Docker in CI/CD

CI is where images are born—every merge should produce one immutable, scanned, signed artifact that staging and production promote, never rebuild. This guide covers GitHub Actions and GitLab CI pipelines, layer cache strategies for cold runners, Dockerfile linting with hadolint, and the promotion pattern that keeps prod deploys trustworthy.

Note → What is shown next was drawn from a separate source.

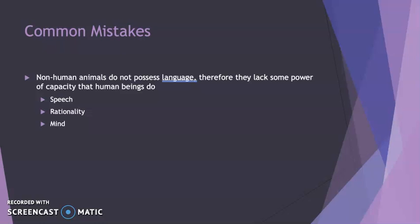Some of those powers or capacities include speech, rationality, or simply mind itself. Descartes, for instance, one of the more famous philosophers of modernity, says that other animals do not have mind. They're simply automatons — what we would call robots — and they simply don't have any kind of mental capacity that human beings do have.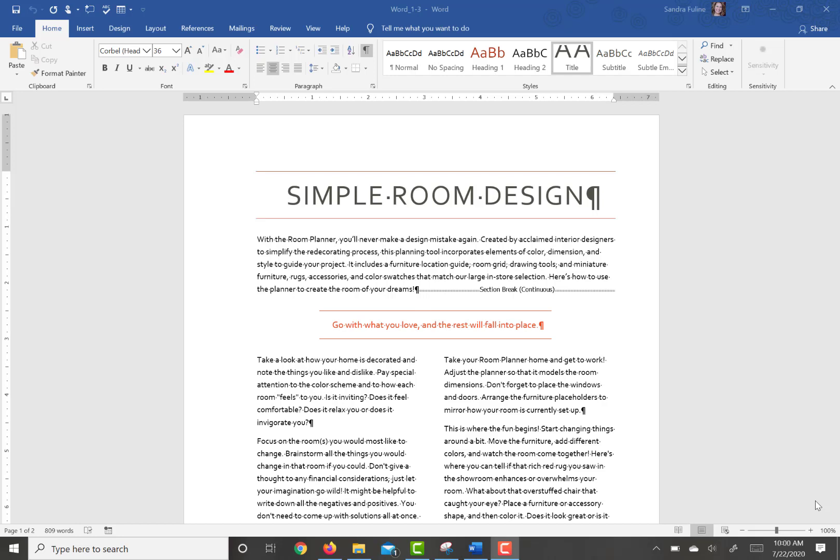This video is going to cover Practice Tasks 1.3. The first step asks you to open up the backstage view to get to the title property and the subject property.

developer devops BuildKit buildx OCI

Docker in GitHub Actions

GitHub-hosted runners ship with Docker pre-installed, but production pipelines use docker/setup-buildx-action for BuildKit features: parallel stages, cache mounts, multi-platform builds, and registry-backed layer cache. The canonical flow is lint → build → scan → push → sign—fail fast before an image ever reaches a registry.

Core actions in order

Action Purpose Why it matters
docker/setup-buildx-action Creates a BuildKit builder instance Enables GHA/registry cache, multi-arch, and advanced Dockerfile features
docker/login-action Authenticates to GHCR, ECR, Docker Hub, etc. Required before push: true; use OIDC for cloud registries
docker/metadata-action Generates tags and OCI labels from git context Consistent sha- tags, semver, branch pointers
docker/build-push-action Builds and optionally pushes in one step Outputs image digest for scan/sign steps downstream

Registry login

For GHCR, the built-in GITHUB_TOKEN works when the workflow has packages: write. For ECR or GAR, prefer OIDC federation—no long-lived access keys in repository secrets.

yaml
permissions:
  contents: read
  packages: write
  id-token: write   # required for cosign keyless / OIDC

- name: Log in to GHCR
  uses: docker/login-action@v3
  with:
    registry: ghcr.io
    username: ${{ github.actor }}
    password: ${{ secrets.GITHUB_TOKEN }}

Metadata and tagging

The metadata action turns git events into tag strings. Pin production deploys to type=sha tags; use type=raw,value=main only as a moving pointer for dev environments.

yaml
- name: Docker meta
  id: meta
  uses: docker/metadata-action@v5
  with:
    images: ghcr.io/${{ github.repository }}
    tags: |
      type=sha,prefix=sha-,format=short
      type=semver,pattern={{version}}
      type=raw,value=main,enable={{is_default_branch}}

Build, cache, and multi-arch

cache-from: type=gha and cache-to: type=gha,mode=max store BuildKit cache in GitHub's cache service—fast for single-repo workflows. For cross-runner or cross-workflow reuse at scale, add registry cache (type=registry,ref=…:buildcache).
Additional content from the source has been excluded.